A construção civil, apesar do enorme déficit habitacional que existe no País, dá exemplos de como um ambiente institucional confiável, segurança jurídica e estabilidade econômica são elementos capazes de produzir resultados mágicos. Espera-se que o mesmo possa ocorrer na infraestrutura, depois da aprovação dos novos marcos regulatórios do saneamento e do gás natural. Está em análise no Congresso também novos marcos para o setor de energia elétrica e para as ferrovias, entre outros. Em comum, todos esses projetos procuram atrair capital privado e incentivar a competição.
Nos tempos de rápido crescimento econômico, até o final dos anos 1970, o Brasil investia muito em infraestrutura. Mas eram projetos em essência concebidos e administrados pelo governo. O modelo ruiu, deixando um legado de dívidas e estatais ineficientes. Com as privatizações, a partir dos anos 1990, o setor privado assumiu o protagonismo em muitas áreas. O volume de recursos investido, contudo, segue aquém das necessidades do País. O investimento em infraestrutura como proporção do PIB ficou ao redor de 2,3% entre 1993 e 2018, enquanto na China ele representa 7% do PIB, e na Índia fica em 5,5%, como informou a reportagem Pequena reforma com impacto enorme na infraestrutura.
Para superar os gargalos e o déficit de investimentos, o volume de capital aplicado precisa subir para ao menos 3,2% do PIB. Se isso ocorresse, seriam elevados em R$ 200 bilhões ao ano os recursos para obras de logística, água, esgoto, energia e telecomunicações.

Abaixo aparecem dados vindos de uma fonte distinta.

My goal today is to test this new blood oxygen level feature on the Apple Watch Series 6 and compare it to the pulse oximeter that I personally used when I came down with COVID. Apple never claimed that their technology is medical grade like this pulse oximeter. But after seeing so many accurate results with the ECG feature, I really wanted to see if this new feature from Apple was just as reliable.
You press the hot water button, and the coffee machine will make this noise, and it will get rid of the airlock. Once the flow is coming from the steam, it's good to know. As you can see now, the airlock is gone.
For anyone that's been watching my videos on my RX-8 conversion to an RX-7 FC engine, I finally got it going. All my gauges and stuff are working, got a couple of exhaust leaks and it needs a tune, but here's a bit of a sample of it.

Não há recursos públicos disponíveis para suprir essa demanda. Por isso, será necessário desobstruir os canais de crédito privado. Um importante instrumento para que isso possa acontecer serão as chamadas debêntures da infraestrutura, que serão criadas graças ao Projeto de Lei 2646/20. Trata-se de um dos 25 projetos defendidos pelo movimento Unidos pelo Brasil. O PL acaba de ser aprovado na Câmara e segue agora para o Senado.

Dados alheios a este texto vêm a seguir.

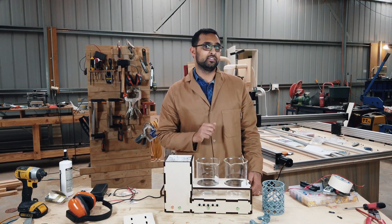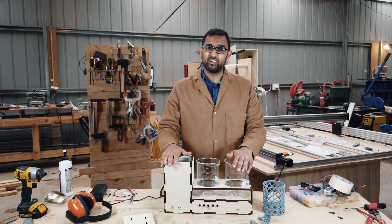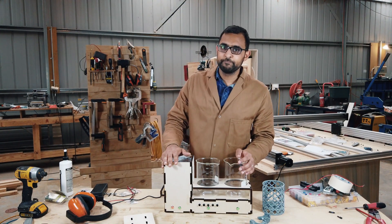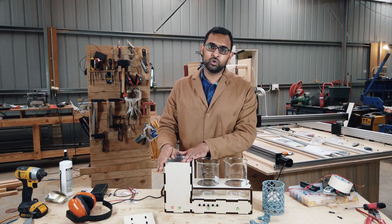Which is not terribly easy to say. But essentially this takes the role of all of those UV nail bars, alcohol bars that you've got in your lab making a mess everywhere. What we've got is a neat little station: dirty alcohol, clean alcohol, UV curing chamber.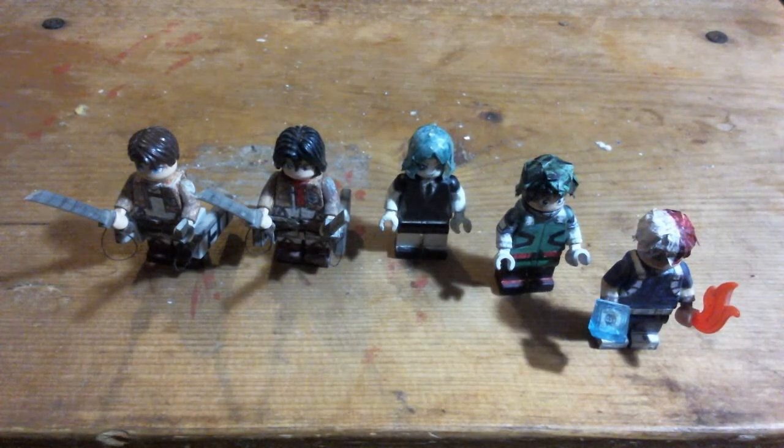So if there's any specific characters you want me to make from any anime, game, or specific LEGO Pokémon, then see commission info linked in the description on Twitter. See you next time!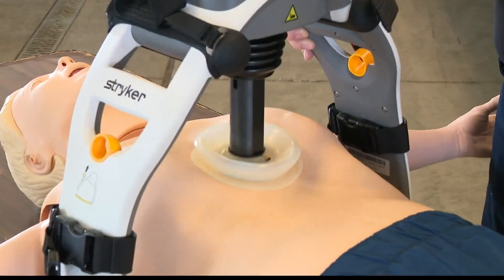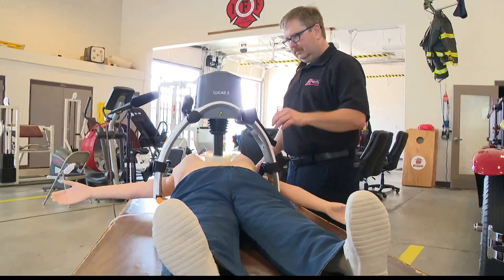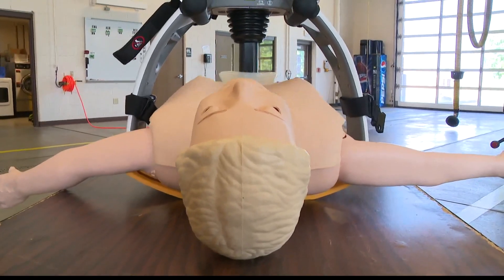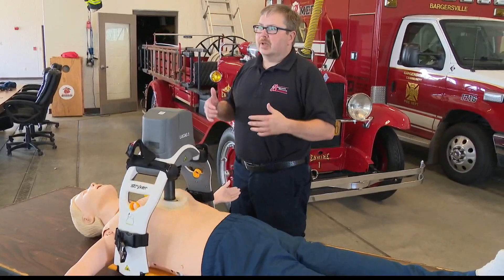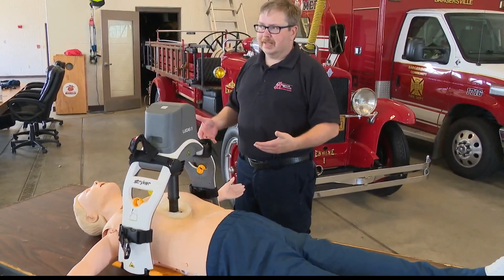Once the device starts, it begins performing mechanical chest compressions. The suction cup actually pushes down and pulls up on the chest — on the thoracic cavity — and increases blood flow. For someone whose heart is not beating at all or not beating correctly, this will allow their heart to continue to circulate blood even in a dire situation like that.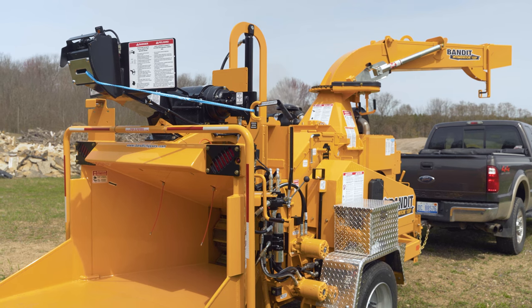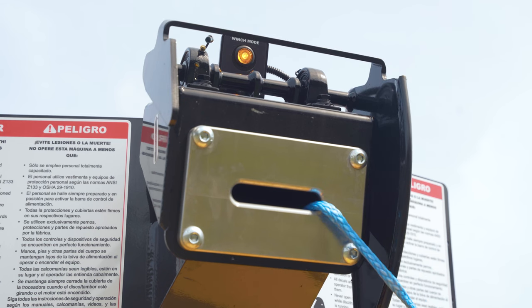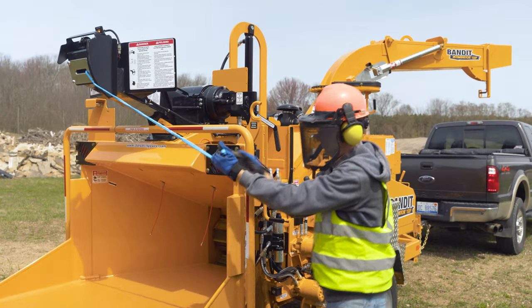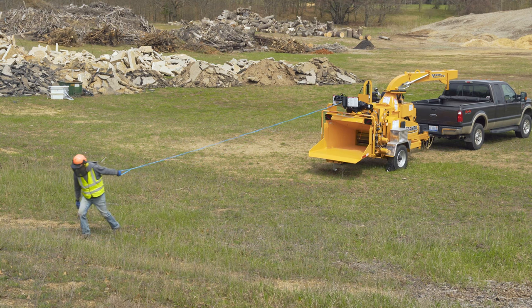While the winch is in normal operation or free spool mode, the chipper feed system will not work and the light located at the top of the winch will illuminate. Once in free spool mode, pull the winch line to the material and attach the line securely.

De acordo com as estimativas apresentadas na análise técnica do Centro de Liderança Pública, esse novo instrumento financeiro poderá atrair recursos ao redor de R$ 27 bilhões ao ano. No longo prazo, os investimentos adicionais poderão elevar a taxa do crescimento do PIB em até 1,25 ponto percentual até 2025.

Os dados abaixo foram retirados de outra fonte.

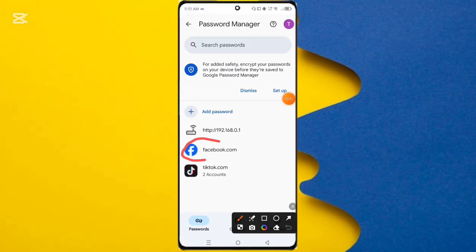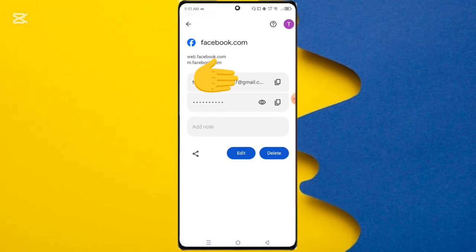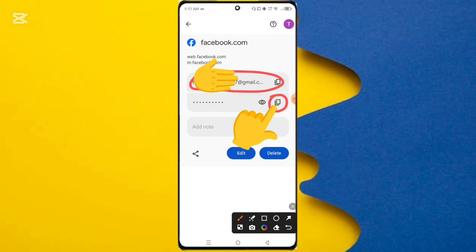Here you can see the facebook.com option, so click on it. Here you can see your Facebook ID and password — the second number shown is your Facebook ID password.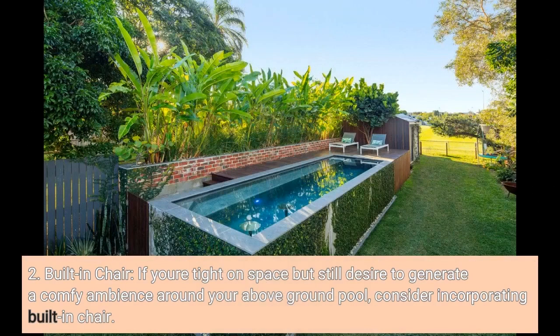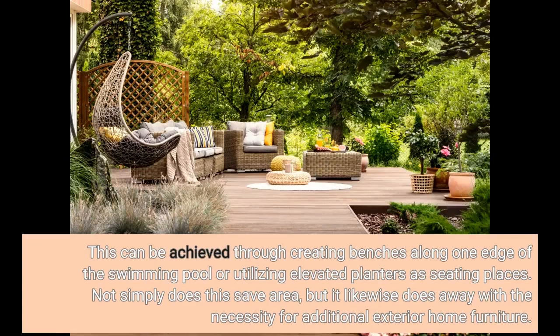Two: Built-in Seating. If you're tight on space but still want to create a comfortable ambience around your above-ground pool, consider incorporating built-in seating. This can be achieved by creating benches along one edge of the pool or utilizing raised planters as seating areas. Not only does this save space, but it also eliminates the need for additional outdoor furniture.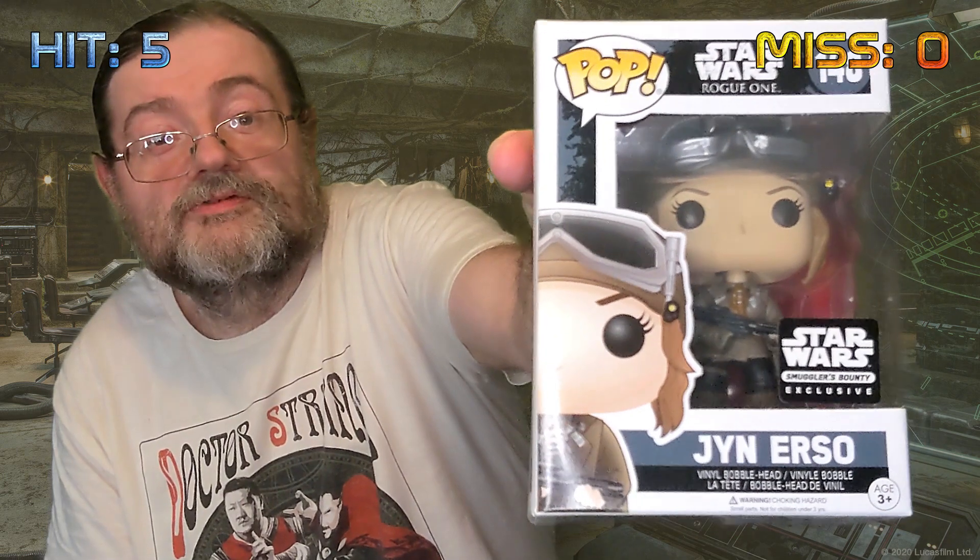Another pop figure as well - it's Ginoso. This is also a Smuggler's Bounty exclusive, so this particular variant you can only get in this pack. So another hit.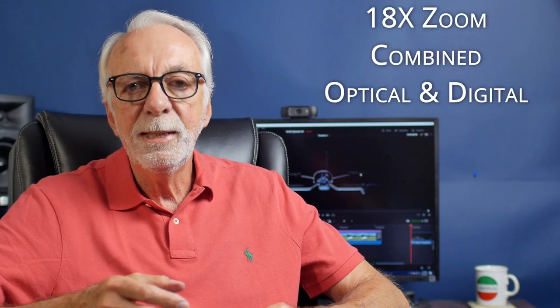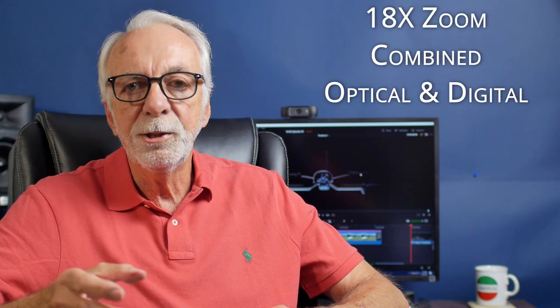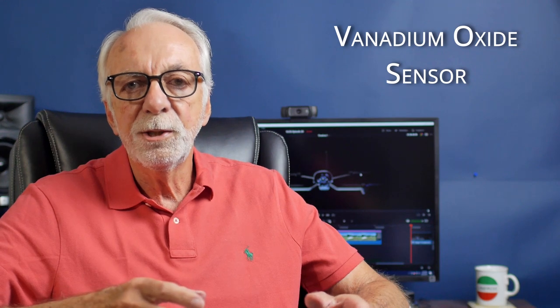There are two types of batteries — one for endurance and one coming in the future for illuminated situations. It takes less than 90 seconds to set up, weighs about 2.2 pounds, has a 4K camera, and can zoom up to 18x combined optical and digital. It also has a vanadium oxide thermal sensor, though I'm not sure how that compares to the FLIR offerings on the other drones — that's the only information they had on it.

As novas debêntures da infraestrutura serão semelhantes às incentivadas, lançadas em 2012, mas a principal diferença é o fato de que o novo instrumento financeiro será destinado a investidores institucionais, como fundos de pensão. Nas incentivadas, o foco foram as pessoas físicas. Outra diferença: a companhia emissora das novas debêntures recebe o incentivo fiscal, ao contrário das debêntures incentivadas, em que o benefício é dado ao investidor que compra os títulos emitidos.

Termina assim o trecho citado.